▸ What you will do:
An exact repetition of the data is required; no picture should appear in it.

▸ Provided records:

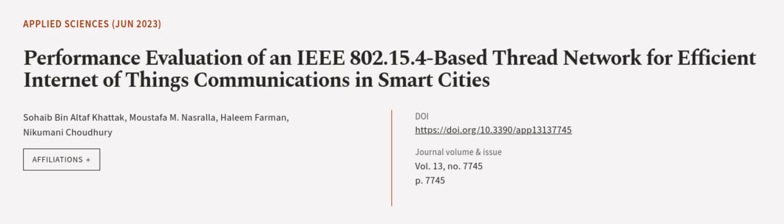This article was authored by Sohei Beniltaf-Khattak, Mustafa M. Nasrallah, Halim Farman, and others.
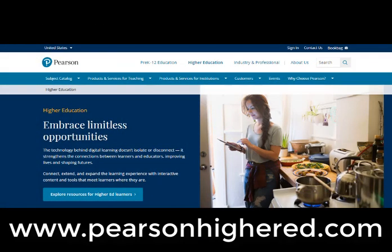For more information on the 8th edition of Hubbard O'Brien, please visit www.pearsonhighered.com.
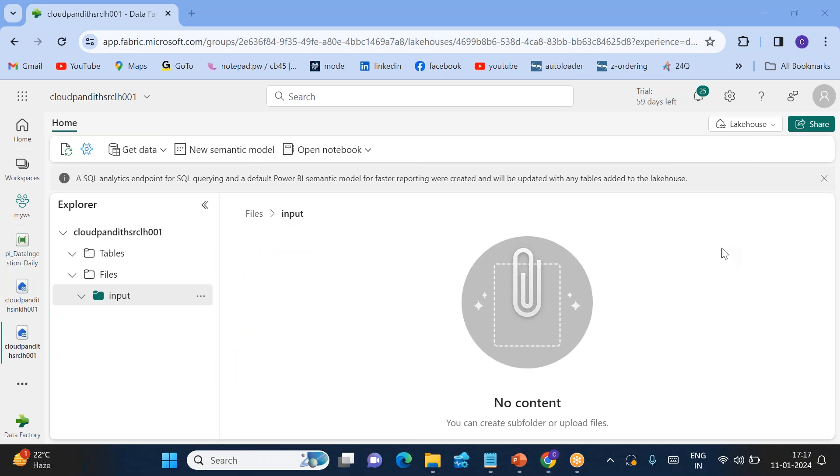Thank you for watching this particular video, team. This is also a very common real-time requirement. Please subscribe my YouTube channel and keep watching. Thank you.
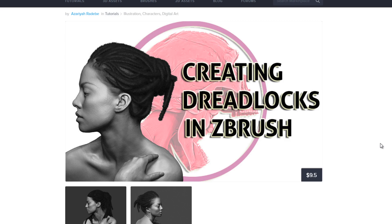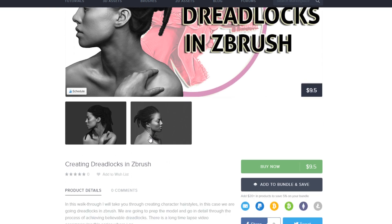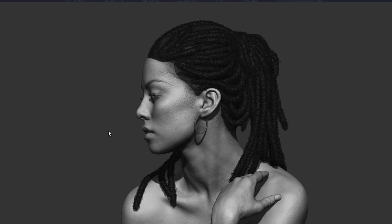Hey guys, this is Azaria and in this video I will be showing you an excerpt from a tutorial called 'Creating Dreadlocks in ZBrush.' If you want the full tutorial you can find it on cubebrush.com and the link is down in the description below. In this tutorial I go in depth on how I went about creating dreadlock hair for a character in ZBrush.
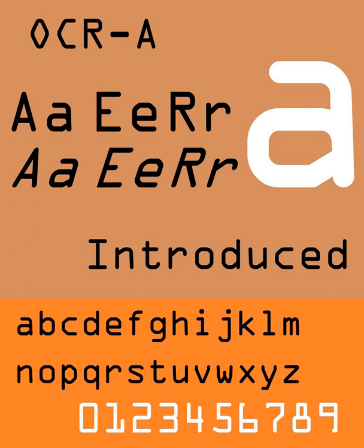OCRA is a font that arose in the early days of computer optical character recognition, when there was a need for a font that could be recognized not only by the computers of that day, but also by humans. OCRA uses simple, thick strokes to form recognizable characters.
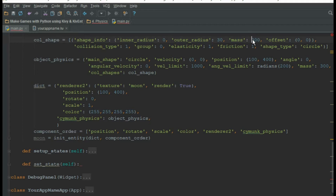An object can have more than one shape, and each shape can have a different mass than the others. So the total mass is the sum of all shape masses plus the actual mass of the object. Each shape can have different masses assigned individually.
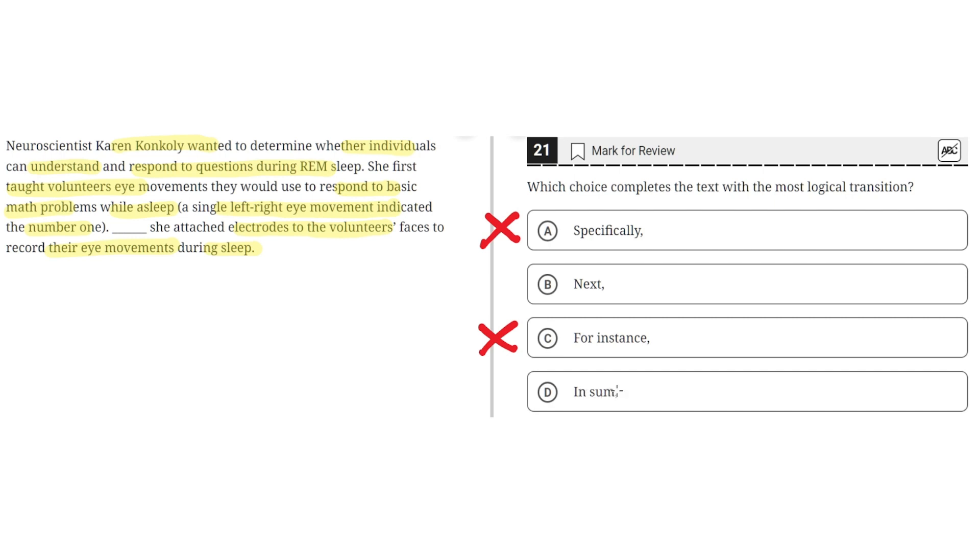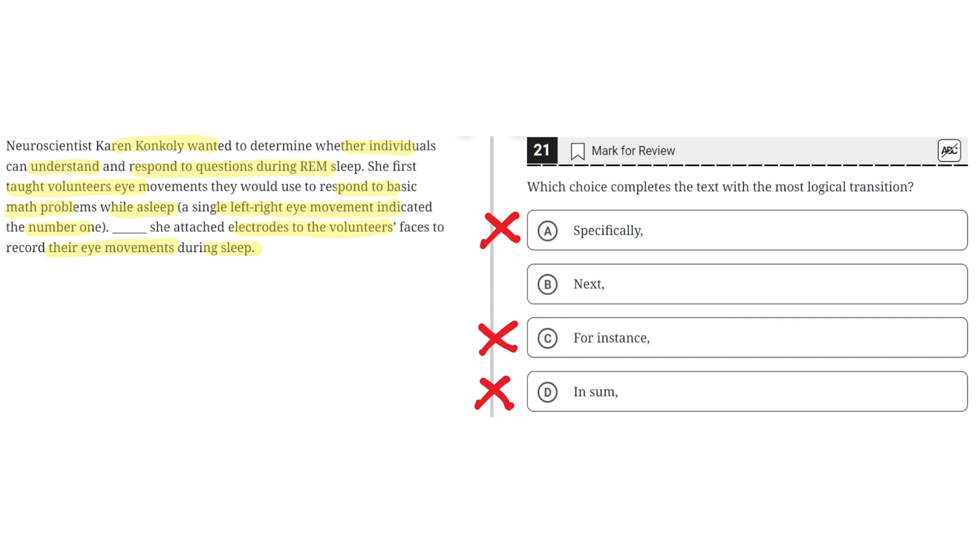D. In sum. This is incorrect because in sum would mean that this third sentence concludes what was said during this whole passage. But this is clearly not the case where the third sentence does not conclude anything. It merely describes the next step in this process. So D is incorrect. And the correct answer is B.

▸ Task output:
This article was authored by Sohei Beniltaf-Khattak, Mustafa M. Nasrallah, Halim Farman, and others.
For more information on the 8th edition of Hubbard O'Brien, please visit www.pearsonhighered.com.
Thank you for watching this particular video, team. This is also a very common real-time requirement. Please subscribe my YouTube channel and keep watching. Thank you.
Hey guys, this is Azaria and in this video I will be showing you an excerpt from a tutorial called 'Creating Dreadlocks in ZBrush.' If you want the full tutorial you can find it on cubebrush.com and the link is down in the description below. In this tutorial I go in depth on how I went about creating dreadlock hair for a character in ZBrush.
OCRA is a font that arose in the early days of computer optical character recognition, when there was a need for a font that could be recognized not only by the computers of that day, but also by humans. OCRA uses simple, thick strokes to form recognizable characters.
An object can have more than one shape, and each shape can have a different mass than the others. So the total mass is the sum of all shape masses plus the actual mass of the object. Each shape can have different masses assigned individually.
D. In sum. This is incorrect because in sum would mean that this third sentence concludes what was said during this whole passage. But this is clearly not the case where the third sentence does not conclude anything. It merely describes the next step in this process. So D is incorrect. And the correct answer is B.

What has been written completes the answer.